EXERCISE AIM: Copy out the data from the line containing "FREE Veggie store" to its last line, exactly. No pictures.
+++ DATA BELOW
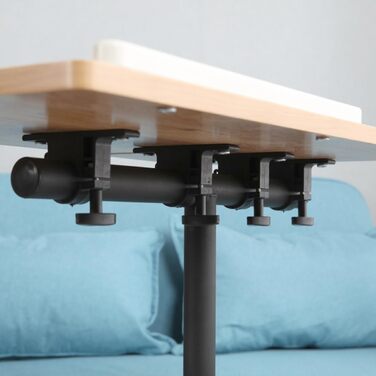 Підставка для ноутбука з регульованою висотою, дерев'яна, ергономічна. З коліщатками, поворотна, з антиковзким покриттям (Жовте дерево 60 x 34.5 x 90 см)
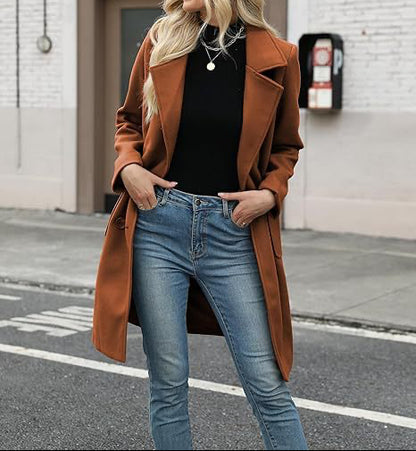 Abrigo cuello vuelto - Lovelys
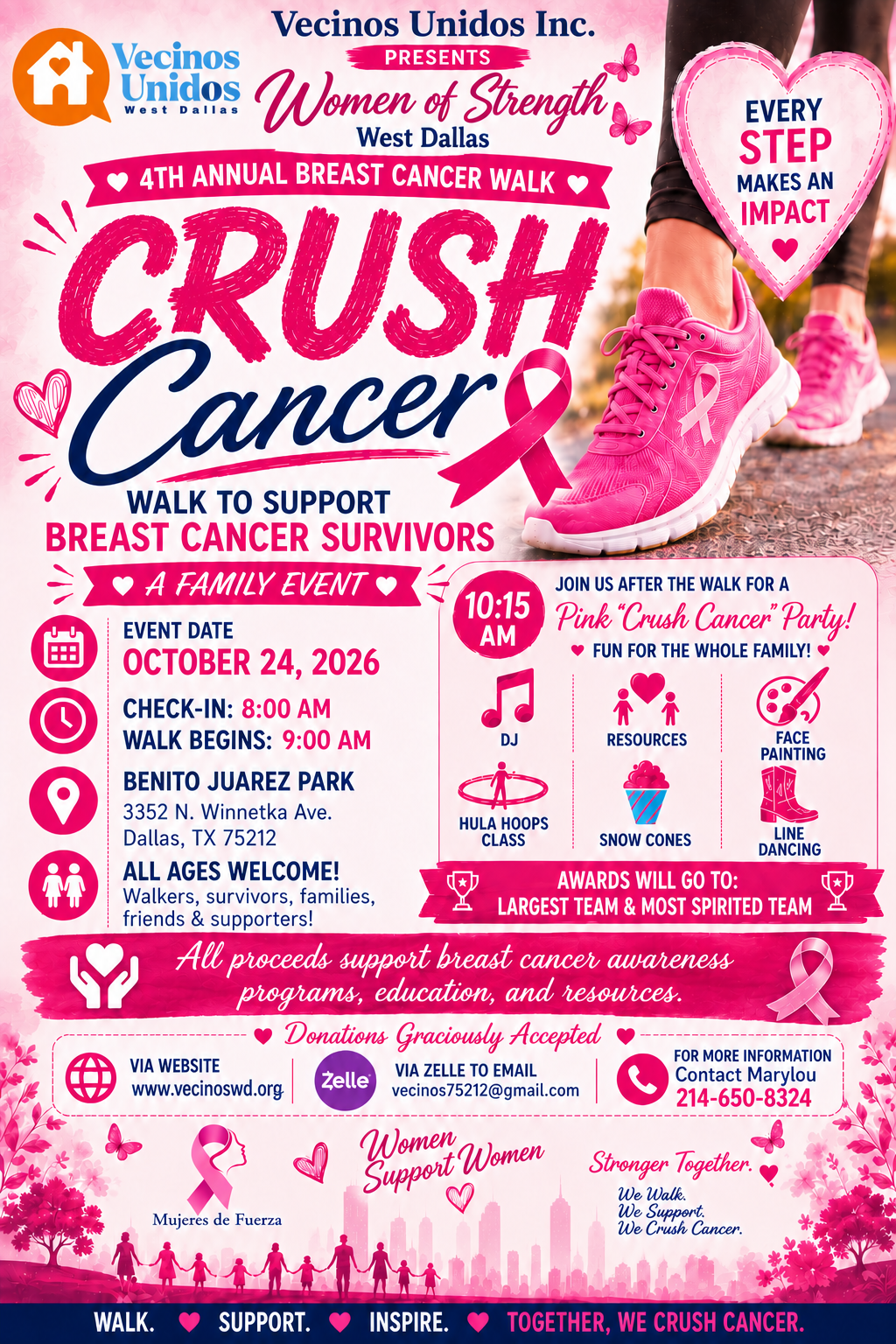 FREE Veggie store at crush breast cancer walk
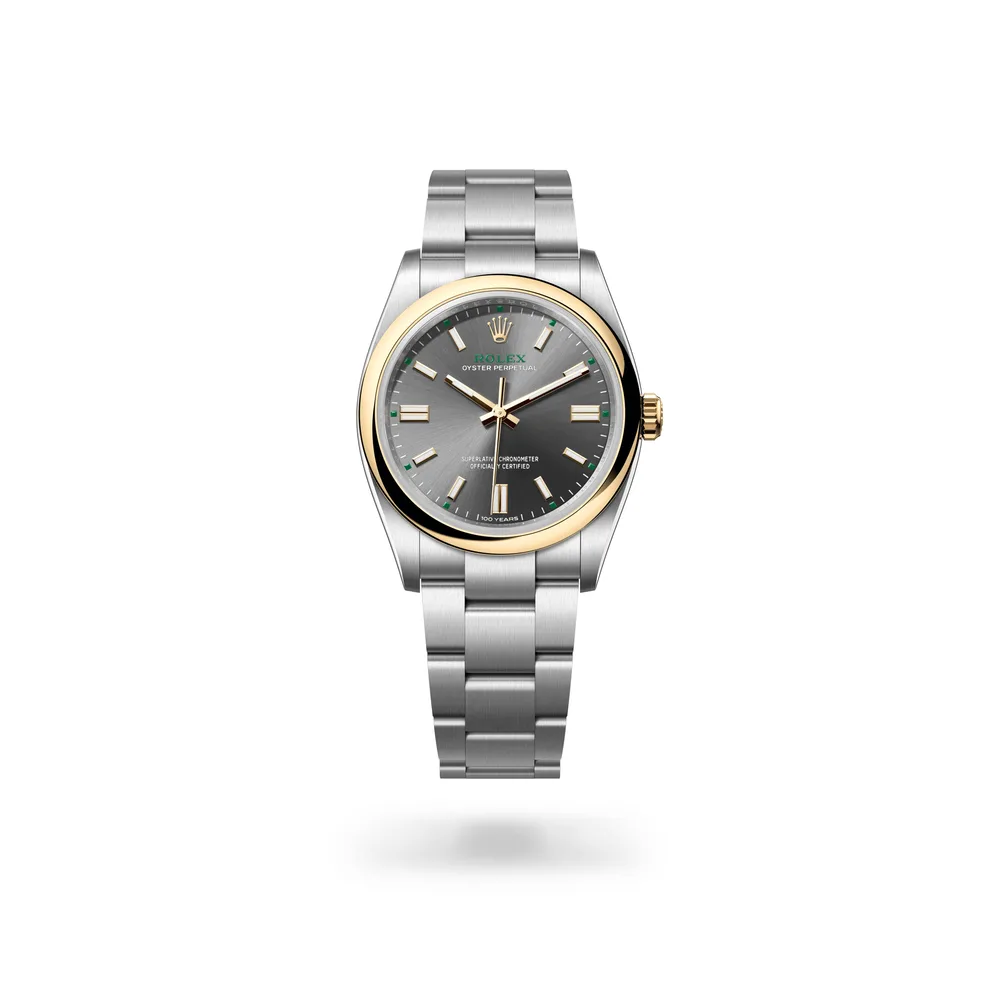 Rolex Oyster Perpetual 36, Yellow Rolesor, Slate dial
++++++
RESPONSE AREA:
 FREE Veggie store at crush breast cancer walk
 Rolex Oyster Perpetual 36, Yellow Rolesor, Slate dial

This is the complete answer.